I entered the cinema with some trepidation. I really didn’t want to see this book - a hit in Germany despite Nazi fatigue - ruined by Hollywood aspirations (and with Kate Winslet and Ralph Fiennes). People seemed to like the slight confusion the story left with them, and I too felt an annoyed bewilderment about right and wrong, cause and effect, judgement and responsibility. And about how little we still know about getting it right.

The story is relatively straightforward. A 16 year-old boy's life hugely impacted by his first relationship with an older woman - who, after teaching him about sex, disappears - just when he starts to feel some love for her. He shows his love by reading to her, and is rewarded by her sexually, without romantic notions or even infatuation getting in the way at first.

Her disappearance is caused by a promotion to an office job that requires literacy - and we start to understand she is illiterate. We see the distress of her young lover, who henceforth, is unable to form lasting relationships. In a touching scene with his teenage daughter, he admits he cannot be open - a failing that has cost him his marriage, and his relationship with his parents.

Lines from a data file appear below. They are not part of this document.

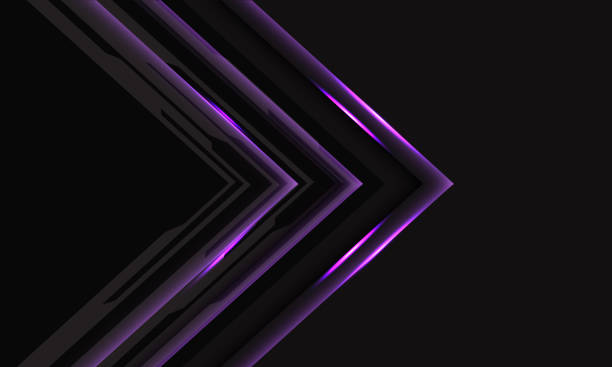 Abstract violet cyber black circuit arrow on dark grey with blank space design modern futuristic technology background vector illustration.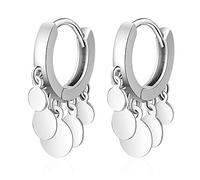 JZWCHQ 925 Pendimiento Colgante de Plateado de Plata esterlina, Pendientes de Gota de racimo Boho, aretes Colgantes de aro de Huggie, Joyas para Mujeres Regalo de cumpleaños
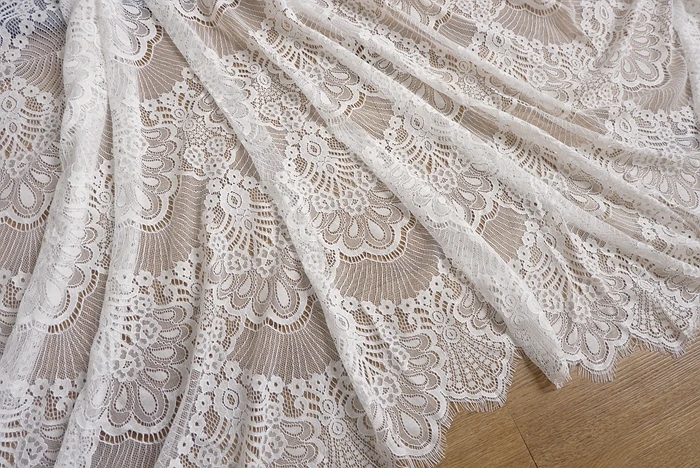 3m Width 150cm Eyelash Lace Fabric Embroidery Wedding Dress Sewing Accessories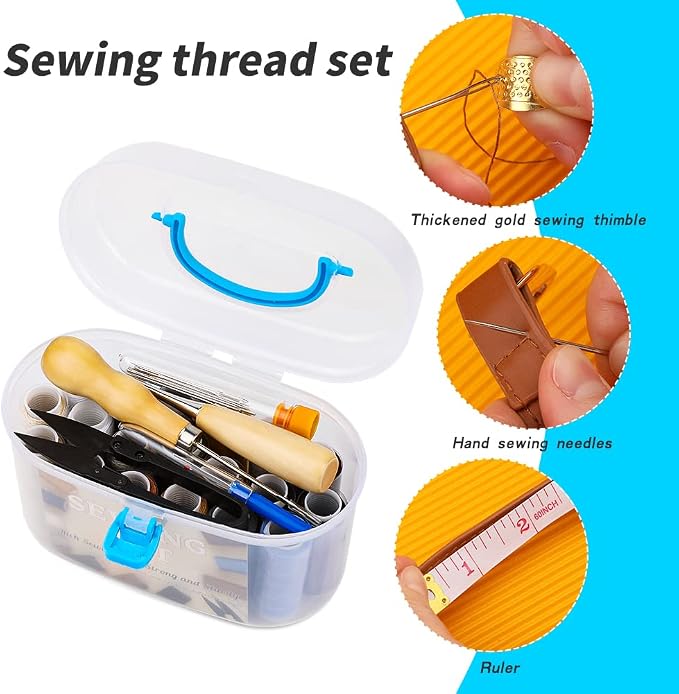 FTEVEN 43 Pieces Upholstery Repair Sewing Kit, Heavy Duty Sewing Kit with Leather Sewing Thread, Big Eye Sewing Needle, Sewing Awl for Furniture,Car, Sofa, Backpack, Shoe, Craft DIY
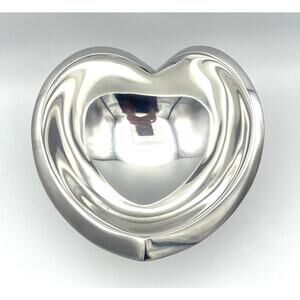 2005 Nambe Metal Alloy Silver Heart Dish #542 Sean O'Hara  6" Valentine's READ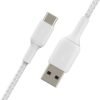 Belkin - BOOST↑CHARGE Braided USB-C to USB-A Cord 6.6ft for iPhone 16 Series, Samsung, Google Pixel 7 & 8, iPad Pro & More - White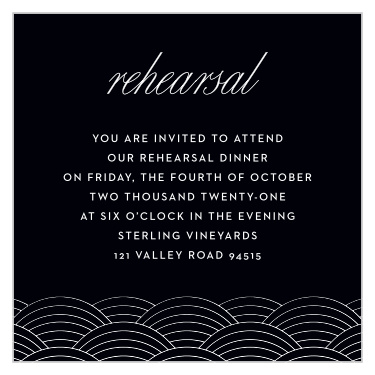 Invite your family and friends to your wedding ceremony with our San Jose Skyline Rehearsal Cards.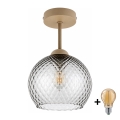 BRILAGI - LED paviršinė liustra RETRO GLASS 1xE27/60W/230V skers. 25 cm smėlinė/dūminė pilka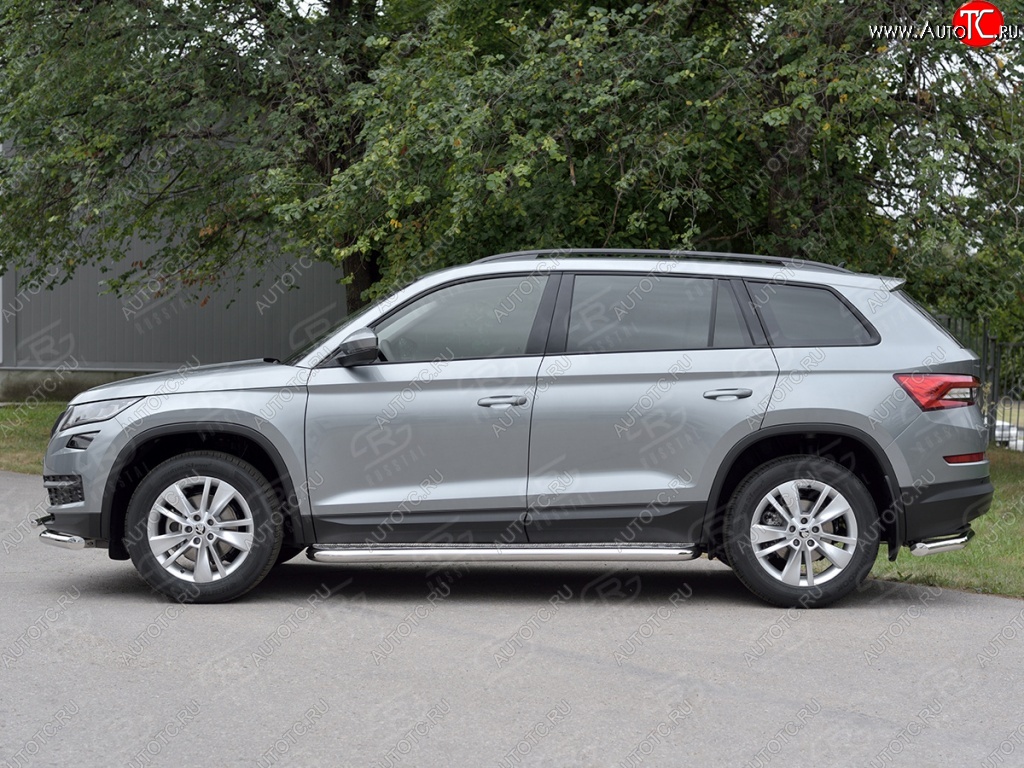 25 499 р. Пороги труба d63 с листом (Лист алюм, проф.сталь) (v2) SLITKOFF  Skoda Kodiaq  NU7 (2017-2021) дорестайлинг  с доставкой в г. Керчь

He discovers that his lover was a guard at a concentration camp when he is a law student attending her trial by chance. This is handled so delicately, it's a true work of art. Kate Winslet wonderfully shows the simplicity of this woman's mind without patronising her - and thus shows us how difficult it is to decide on guilt. We start to wonder how her cruel actions were possible and why. We feel the shame she has about her illiteracy, and begin to empathise with the 'monster'.

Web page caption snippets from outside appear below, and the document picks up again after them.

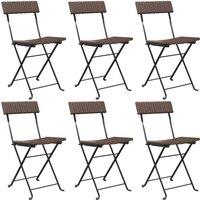 vidaXL Folding Bistro Chairs 6 pcs Brown Poly Rattan and Steel, Brown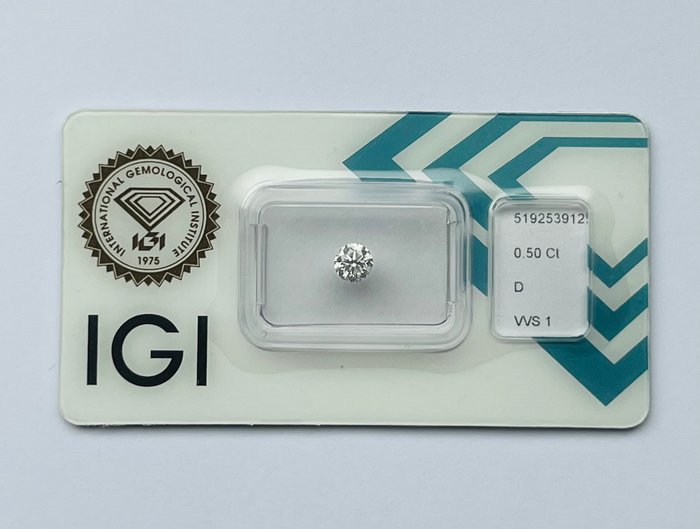 1 pcs Diamant  (Natur)  - 0.50 ct - Rund - D (farveløs) - VVS1 - International Gemological Institute (IGI)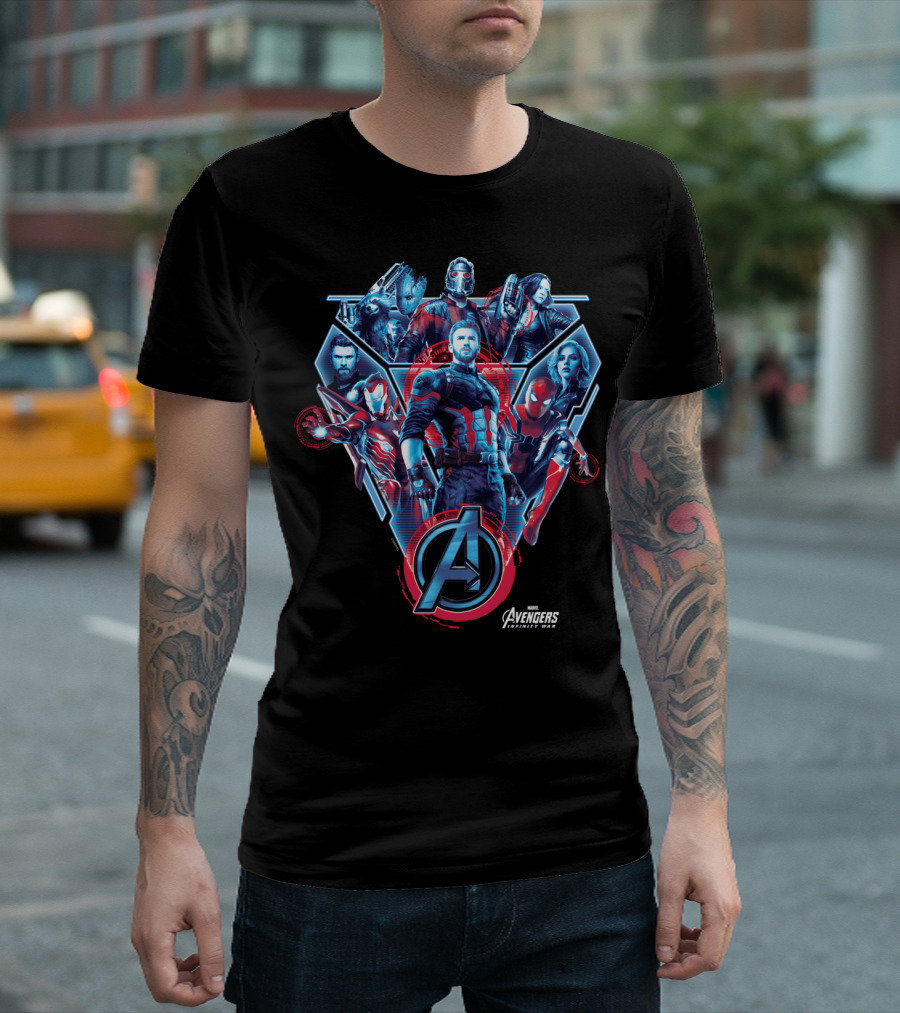 Marvel Avengers Infinity War Tech Group Iconic Heroes Ensemble T-Shirt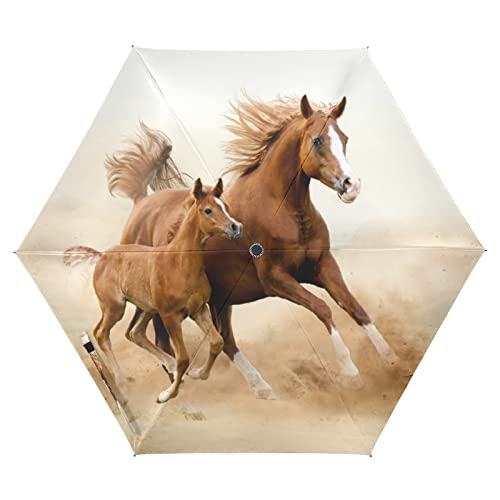 Parapluie compact automatique contre les UV et la pluie style artistique cheval de course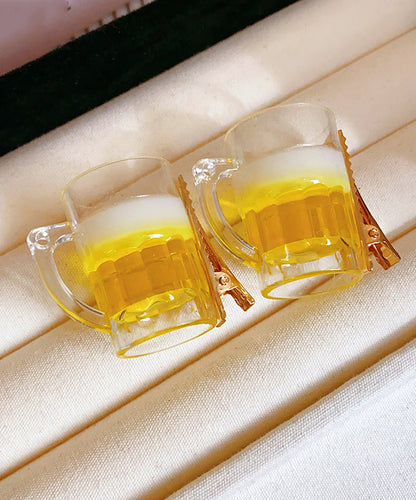 Original Design Yellow Alloy Beer Glass Hairpin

The story reminds me of another German book, written shortly after the war, by the Nobel Prize winner Heinrich Boell, where a women actually dies from her feelings of shame. I don’t remember ever seeing the pernicious role of that subconscious emotion explored so elegantly before in film - all actors delivering it with sincere, believable honesty.

The stark ending is also delicately, almost lovingly done, producing a thought-provoking film about human relationships and their consequences.